The theme of the week was sketching and got us exploring different styles and mediums again, exploring the idea of keeping a sketchbook and different ways to do that and how to develop your own style which is really important to me. Although I'm able to work in quite a variety of different styles, I always feel personally that a distinctive style is something my work lacks and would benefit from. Something that makes my work recognisably mine. From evaluating the work I've been doing on the course and thinking back to work I've done over the years though, one thing that is apparent to me is my love of texture.
A lot of my early graphic design work on the computer involved textures and layering up of those textures to create depth to my work. While at university we were encouraged to go for a more stripped back and simplistic approach which is how I have been working ever since but I've really enjoyed the process of creating my own textures to use for my work and it feels somewhat like I have come full circle (but with a bit more knowledge and a discerning eye for what I'm creating – or at least I hope that is the case!) Below are a couple of images of old work that I created at college for my photography and graphics A levels – pattern and texture have been with me for quite a while!

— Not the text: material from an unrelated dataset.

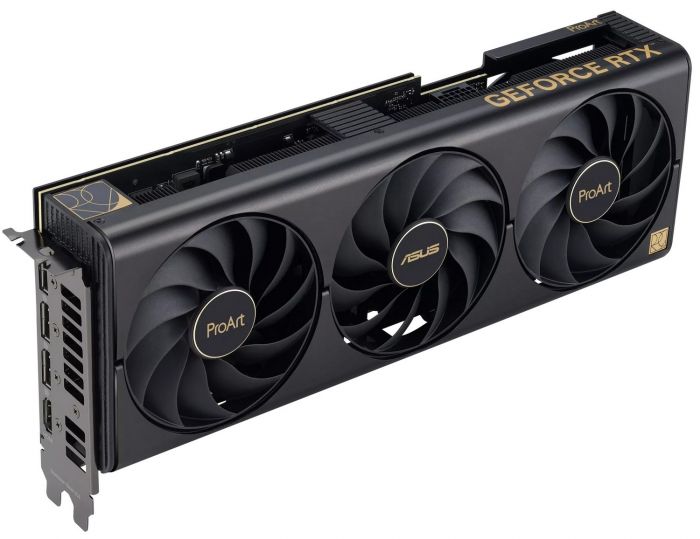 Відеокарта GF RTX 4070 Ti 12GB GDDR6X ProArt Asus (PROART-RTX4070TI-12G) (BULK)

Other elements that are very apparent in work that I create personally and other works that I like are the theme of nature and colour wise I am drawn to what I like to call 'light and bright' which ranges from pastel to bright colour – I am not very drawn to dark or 'heavy' colours whatsoever. Evaluating my preferences is already helping me identify my personal style but the actual development of my own style is going to take a lot more experimentation and practice which is the fun part! In the latter part of last week I had a go at turned two very different styles of sketching that I had created earlier in the week, into a couple of patterns and using textures I created in week 1. The key for me creating these patterns though was not to force it, to just see what came easier to me and let them flow out onto the screen (I scanned the drawings in to use in Adobe Illustrator).
The interesting thing I found is that during the initial sketching phase of the course I found the rough style a lot easier and I actually found it somewhat difficult to stay 'neat and tidy' with my drawings. However, once scanned into the computer, I found it much easier to utilise the 'neat and tidy' sketches to create a pattern (see the pink one above). For me it seemed to come together more naturally whereas I struggled to make the rougher sketches into something I was happy with (the blue one, above). I'm quite interested in this odd contrast so I'm going to keep experimenting to see if I continue to be drawn more to one method than the other or whether some kind of happy medium is created. To have no real inkling where it is going to go or how my work is going to end up looking is really exciting!
This past week has been extremely busy juggling the course alongside my other projects though as a book I have designed was in the final stages and is looking likely that it was be able to go to press later today or tomorrow. Hopefully later this year I'll be able to share more with you about it because it is a lovely biography about Dame Rosemary Murray which has been a very inspiring read and enjoyable book to design to say the least!